An electron is projected into a uniform electric field E = (1000 N/C)i with an initial velocity (2.00* 10^6m/s)i in the direction of the field. How far the electron travel before it is brought momentarily to rest?
retarding force = E e = m a where m is electron mass and e is electron charge so
a = Ee/m
constant Force --- > constant de acceleration, just like gravity
if you throw something up with speed Vi
F = -m g = - m a
v = Vi - g t, when v = 0, t = Vi/g
x = Vi t - (1/2) g t^2
x = Vi^2/g - (1/2) g Vi^2/g^2 = (1/2) Vi^2/g
here instead of g we have for acceleration E e/m
so
x = (1/2) Vi^2 [ m / Ee ]
the field is horizontal
To find the distance the electron travels before it is brought momentarily to rest, we need to calculate the time it takes for the electron to reach zero velocity.

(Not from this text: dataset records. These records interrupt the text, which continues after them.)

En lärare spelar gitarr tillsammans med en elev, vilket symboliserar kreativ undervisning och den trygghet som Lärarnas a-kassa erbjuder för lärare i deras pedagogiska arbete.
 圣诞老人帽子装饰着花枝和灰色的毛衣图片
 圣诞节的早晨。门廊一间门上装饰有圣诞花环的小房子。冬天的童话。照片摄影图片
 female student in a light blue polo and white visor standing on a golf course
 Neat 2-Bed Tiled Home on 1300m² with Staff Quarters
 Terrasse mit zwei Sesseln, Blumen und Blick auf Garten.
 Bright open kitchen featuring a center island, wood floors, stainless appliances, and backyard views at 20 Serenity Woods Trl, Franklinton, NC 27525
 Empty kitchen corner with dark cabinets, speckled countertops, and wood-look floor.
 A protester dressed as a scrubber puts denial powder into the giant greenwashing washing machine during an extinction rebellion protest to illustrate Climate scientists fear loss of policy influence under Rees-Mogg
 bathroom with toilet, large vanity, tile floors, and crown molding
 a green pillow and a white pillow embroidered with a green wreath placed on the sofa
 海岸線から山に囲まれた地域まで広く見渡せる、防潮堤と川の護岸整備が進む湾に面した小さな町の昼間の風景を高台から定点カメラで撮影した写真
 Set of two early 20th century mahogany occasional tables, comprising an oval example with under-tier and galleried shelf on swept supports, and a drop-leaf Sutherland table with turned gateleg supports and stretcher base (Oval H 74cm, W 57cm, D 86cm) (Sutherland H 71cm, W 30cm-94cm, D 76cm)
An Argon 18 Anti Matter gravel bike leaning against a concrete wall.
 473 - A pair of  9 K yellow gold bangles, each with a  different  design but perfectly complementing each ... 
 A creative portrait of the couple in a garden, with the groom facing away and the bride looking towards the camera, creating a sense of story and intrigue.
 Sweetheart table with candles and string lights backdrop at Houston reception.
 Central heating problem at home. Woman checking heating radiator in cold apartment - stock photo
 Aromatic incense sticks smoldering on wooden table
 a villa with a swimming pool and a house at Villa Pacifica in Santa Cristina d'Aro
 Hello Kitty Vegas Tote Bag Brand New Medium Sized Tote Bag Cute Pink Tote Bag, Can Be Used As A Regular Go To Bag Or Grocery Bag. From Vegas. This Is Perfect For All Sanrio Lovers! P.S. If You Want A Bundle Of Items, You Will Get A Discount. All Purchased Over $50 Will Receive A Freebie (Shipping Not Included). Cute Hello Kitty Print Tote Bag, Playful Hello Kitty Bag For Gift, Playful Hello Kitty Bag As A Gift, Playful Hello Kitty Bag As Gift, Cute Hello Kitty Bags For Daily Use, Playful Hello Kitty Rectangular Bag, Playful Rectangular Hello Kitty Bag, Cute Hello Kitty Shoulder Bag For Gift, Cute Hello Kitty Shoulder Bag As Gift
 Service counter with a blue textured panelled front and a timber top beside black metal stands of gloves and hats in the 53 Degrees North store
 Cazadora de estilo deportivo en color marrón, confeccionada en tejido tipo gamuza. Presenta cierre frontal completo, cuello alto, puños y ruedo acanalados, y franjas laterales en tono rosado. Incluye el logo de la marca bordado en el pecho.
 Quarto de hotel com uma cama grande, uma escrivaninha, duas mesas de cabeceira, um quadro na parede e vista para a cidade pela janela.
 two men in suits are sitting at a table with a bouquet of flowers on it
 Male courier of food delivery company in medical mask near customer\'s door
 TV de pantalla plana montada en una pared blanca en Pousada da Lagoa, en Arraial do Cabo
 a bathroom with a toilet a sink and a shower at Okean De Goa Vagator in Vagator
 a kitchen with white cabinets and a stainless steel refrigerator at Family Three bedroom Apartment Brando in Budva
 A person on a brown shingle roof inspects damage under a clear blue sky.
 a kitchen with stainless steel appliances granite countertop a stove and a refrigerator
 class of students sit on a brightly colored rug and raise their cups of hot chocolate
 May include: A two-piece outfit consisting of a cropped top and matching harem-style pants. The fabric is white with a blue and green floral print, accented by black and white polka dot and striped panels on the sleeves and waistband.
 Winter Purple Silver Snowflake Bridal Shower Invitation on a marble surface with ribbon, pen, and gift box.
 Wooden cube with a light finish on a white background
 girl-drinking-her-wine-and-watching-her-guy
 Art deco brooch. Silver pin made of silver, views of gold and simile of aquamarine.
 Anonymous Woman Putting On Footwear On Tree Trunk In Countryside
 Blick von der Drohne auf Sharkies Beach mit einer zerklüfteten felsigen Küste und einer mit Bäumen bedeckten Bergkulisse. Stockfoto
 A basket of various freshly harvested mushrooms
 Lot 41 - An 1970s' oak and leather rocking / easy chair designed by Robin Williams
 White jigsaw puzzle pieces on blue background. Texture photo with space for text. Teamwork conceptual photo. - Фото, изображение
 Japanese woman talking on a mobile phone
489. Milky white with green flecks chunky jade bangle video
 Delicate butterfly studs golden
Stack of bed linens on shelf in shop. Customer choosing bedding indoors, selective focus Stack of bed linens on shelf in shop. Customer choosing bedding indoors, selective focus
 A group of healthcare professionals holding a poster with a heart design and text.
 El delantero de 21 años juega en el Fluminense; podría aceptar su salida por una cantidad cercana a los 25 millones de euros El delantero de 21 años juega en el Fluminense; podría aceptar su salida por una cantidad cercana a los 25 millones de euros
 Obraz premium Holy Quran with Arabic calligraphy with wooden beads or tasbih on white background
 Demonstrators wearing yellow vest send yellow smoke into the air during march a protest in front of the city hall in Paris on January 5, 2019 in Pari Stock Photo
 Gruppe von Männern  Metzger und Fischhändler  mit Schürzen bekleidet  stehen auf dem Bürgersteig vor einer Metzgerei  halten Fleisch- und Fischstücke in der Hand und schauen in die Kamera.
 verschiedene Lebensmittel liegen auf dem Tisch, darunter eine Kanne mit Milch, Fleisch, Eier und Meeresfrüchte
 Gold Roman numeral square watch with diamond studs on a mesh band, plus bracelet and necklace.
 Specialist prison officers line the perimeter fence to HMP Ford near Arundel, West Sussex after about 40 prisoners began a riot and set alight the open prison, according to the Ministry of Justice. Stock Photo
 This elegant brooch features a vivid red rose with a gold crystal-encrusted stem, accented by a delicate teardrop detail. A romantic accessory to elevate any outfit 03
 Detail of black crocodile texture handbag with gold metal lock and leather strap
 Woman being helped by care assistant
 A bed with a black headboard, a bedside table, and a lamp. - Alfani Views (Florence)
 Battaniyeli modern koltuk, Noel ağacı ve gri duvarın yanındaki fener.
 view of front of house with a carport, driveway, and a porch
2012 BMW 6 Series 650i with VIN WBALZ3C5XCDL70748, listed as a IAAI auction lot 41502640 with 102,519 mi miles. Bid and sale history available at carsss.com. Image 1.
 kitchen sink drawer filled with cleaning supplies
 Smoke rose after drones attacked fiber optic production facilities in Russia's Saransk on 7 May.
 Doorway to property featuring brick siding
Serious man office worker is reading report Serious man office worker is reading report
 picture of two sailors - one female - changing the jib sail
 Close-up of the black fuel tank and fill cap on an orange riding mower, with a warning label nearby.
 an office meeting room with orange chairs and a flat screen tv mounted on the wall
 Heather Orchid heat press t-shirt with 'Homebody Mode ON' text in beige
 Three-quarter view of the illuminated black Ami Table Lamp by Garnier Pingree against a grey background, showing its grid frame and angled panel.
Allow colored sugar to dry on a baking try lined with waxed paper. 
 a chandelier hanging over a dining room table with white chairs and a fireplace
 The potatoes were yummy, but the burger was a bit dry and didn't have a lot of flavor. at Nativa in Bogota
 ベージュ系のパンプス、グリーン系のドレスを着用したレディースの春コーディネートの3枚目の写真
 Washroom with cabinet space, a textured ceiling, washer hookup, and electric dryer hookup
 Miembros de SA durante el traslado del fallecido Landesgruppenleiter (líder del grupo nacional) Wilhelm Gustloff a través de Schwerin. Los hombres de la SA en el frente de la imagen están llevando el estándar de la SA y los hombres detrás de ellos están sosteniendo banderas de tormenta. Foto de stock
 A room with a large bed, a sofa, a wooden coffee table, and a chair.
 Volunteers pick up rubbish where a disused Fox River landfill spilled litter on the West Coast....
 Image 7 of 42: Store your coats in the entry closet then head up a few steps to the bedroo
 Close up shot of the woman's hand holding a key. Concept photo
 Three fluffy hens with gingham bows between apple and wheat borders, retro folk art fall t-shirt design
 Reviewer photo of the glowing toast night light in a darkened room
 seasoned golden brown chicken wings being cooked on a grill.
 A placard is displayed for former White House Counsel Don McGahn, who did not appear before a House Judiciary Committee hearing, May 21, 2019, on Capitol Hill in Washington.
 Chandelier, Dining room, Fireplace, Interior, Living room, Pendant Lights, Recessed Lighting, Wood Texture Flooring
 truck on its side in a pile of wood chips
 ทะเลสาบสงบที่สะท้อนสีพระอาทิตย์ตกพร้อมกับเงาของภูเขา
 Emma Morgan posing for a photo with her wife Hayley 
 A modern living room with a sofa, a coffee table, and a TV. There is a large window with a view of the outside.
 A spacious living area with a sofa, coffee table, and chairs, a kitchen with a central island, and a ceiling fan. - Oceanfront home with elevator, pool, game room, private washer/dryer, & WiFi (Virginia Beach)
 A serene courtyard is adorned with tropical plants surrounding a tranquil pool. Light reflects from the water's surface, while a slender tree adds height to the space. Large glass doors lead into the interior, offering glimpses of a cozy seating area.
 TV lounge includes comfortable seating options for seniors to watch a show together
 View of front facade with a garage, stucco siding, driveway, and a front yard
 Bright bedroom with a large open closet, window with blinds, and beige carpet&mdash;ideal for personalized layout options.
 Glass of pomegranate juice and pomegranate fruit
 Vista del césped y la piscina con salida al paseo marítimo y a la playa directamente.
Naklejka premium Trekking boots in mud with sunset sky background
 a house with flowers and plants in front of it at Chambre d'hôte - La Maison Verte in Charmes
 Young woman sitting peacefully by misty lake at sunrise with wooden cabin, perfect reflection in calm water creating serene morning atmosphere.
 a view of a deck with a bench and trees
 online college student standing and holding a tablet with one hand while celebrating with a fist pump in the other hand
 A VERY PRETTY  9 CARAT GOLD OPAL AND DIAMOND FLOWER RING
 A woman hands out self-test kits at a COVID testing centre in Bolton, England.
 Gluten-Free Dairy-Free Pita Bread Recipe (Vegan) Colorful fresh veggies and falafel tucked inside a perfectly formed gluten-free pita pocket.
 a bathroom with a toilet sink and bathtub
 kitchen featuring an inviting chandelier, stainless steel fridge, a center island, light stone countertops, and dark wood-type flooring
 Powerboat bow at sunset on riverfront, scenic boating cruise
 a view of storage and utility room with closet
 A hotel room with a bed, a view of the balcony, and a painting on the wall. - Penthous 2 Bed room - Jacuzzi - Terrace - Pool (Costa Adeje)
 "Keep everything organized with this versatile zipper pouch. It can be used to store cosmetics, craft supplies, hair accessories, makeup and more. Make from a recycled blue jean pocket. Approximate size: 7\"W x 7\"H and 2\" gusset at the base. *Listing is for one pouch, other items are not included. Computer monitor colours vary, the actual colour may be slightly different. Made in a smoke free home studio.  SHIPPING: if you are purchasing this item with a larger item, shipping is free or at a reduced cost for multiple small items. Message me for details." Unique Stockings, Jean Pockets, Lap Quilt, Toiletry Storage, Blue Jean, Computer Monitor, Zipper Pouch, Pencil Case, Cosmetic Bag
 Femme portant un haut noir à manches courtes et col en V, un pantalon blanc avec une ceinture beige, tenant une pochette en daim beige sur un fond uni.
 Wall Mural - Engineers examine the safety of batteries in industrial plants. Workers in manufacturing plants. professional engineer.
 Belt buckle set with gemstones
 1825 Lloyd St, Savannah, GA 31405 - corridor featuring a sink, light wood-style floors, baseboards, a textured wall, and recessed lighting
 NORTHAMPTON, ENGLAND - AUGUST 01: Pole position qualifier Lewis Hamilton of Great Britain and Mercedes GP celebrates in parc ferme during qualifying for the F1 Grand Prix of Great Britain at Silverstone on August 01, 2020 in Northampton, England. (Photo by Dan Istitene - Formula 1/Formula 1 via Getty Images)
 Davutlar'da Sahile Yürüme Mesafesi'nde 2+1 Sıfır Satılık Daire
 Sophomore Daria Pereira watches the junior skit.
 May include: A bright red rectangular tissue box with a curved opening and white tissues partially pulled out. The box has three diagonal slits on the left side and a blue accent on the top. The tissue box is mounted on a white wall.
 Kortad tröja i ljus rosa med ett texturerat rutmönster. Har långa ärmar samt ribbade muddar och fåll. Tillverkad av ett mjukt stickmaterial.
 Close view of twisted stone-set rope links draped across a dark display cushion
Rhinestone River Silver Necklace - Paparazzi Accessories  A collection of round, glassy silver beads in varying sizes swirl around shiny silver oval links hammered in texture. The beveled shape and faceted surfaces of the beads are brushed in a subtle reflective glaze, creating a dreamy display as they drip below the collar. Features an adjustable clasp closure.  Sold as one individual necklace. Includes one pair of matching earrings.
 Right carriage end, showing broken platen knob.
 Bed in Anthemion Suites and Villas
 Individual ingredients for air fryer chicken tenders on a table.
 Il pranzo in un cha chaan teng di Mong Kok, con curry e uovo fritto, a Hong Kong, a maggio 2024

We can use the equation of motion: v = u + at, where:
- v is the final velocity (zero in this case)
- u is the initial velocity (2.00 * 10^6 m/s)
- a is the acceleration
- t is the time
In this case, the electron experiences a force due to the electric field, causing it to decelerate until it comes to rest.
The force experienced by the electron is given by the equation: F = qE, where:
- F is the force experienced by the electron
- q is the charge of the electron (1.6 * 10^(-19) C)
- E is the electric field (1000 N/C)
Since the force is equal to ma (where m is the mass of the electron), we can rewrite the equation as: ma = qE.
The acceleration (a) can be rearranged from the equation as: a = qE/m.
Substituting the values, we get: a = (1.6 * 10^(-19) C)(1000 N/C) / (9.11 * 10^(-31) kg).
Now, we can substitute the values of a and u into the equation v = u + at and solve for t:
0 = (2.00 * 10^6 m/s) + [(1.6 * 10^(-19) C)(1000 N/C) / (9.11 * 10^(-31) kg)] * t
Solving for t, we get: t = - (2.00 * 10^6 m/s) / [(1.6 * 10^(-19) C)(1000 N/C) / (9.11 * 10^(-31) kg)]
Calculating this expression, t = - (2.00 * 10^6 m/s) / [(1.6 * 10^(-19) C)(1000 N/C) / (9.11 * 10^(-31) kg)] = -11.19 x 10^(-12) s.
Since we are interested in the distance traveled, we can use the equation: s = ut + (1/2)at^2.
Substituting the values, we get: s = (2.00 * 10^6 m/s) * (-11.19 x 10^(-12) s) + (1/2) * [(1.6 * 10^(-19) C)(1000 N/C) / (9.11 * 10^(-31) kg)] * (-11.19 x 10^(-12) s)^2
Calculating this expression, s = -1.24 x 10^(-4) m.
Therefore, the electron travels approximately -1.24 x 10^(-4) meters before it is brought momentarily to rest. Note that the negative sign indicates the direction of the electron's motion is opposite to the direction of the electric field.
To find the distance traveled by the electron before it is brought momentarily to rest, we need to determine the deceleration of the electron and then use the kinematic equation for distance.
The electric force experienced by the electron can be calculated using the equation F = qE, where F is the force, q is the charge of the electron, and E is the electric field strength. In this case, the charge of an electron is -1.6 × 10^-19 C (coulombs), and the electric field strength is given as E = (1000 N/C)i.
So, substituting these values into the equation, we have:
F = qE
F = (-1.6 × 10^-19 C)(1000 N/C)i
F = (-1.6 × 10^-16 N)i
Since force is related to acceleration through Newton's second law (F = ma), and in this case, the acceleration is in the opposite direction of the initial velocity, we can write:
ma = (-1.6 × 10^-16 N)i
Dividing both sides of the equation by the electron mass (m = 9.1 × 10^-31 kg), we get:
a = (-1.6 × 10^-16 N)i / (9.1 × 10^-31 kg)
a = (-1.76 × 10^14 m/s^2)i
Now, since the electron is initially moving in the direction of the electric field, the acceleration will act against the direction of motion. So, the acceleration vector can be represented as a = (-1.76 × 10^14 m/s^2)i.
To find the distance traveled, we can use the kinematic equation for distance:
d = (v^2 - u^2) / (2a)
where d is the distance, v is the final velocity, u is the initial velocity, and a is the acceleration.
Since the final velocity is zero (because the electron is brought momentarily to rest), the equation becomes:
d = -u^2 / (2a)
d = -[(2.00 × 10^6 m/s)^2] / [2(-1.76 × 10^14 m/s^2)]
Evaluating the equation, we find:
d ≈ 2.27 × 10^-10 meters
Therefore, the electron travels approximately 2.27 x 10^-10 meters before it is brought momentarily to rest.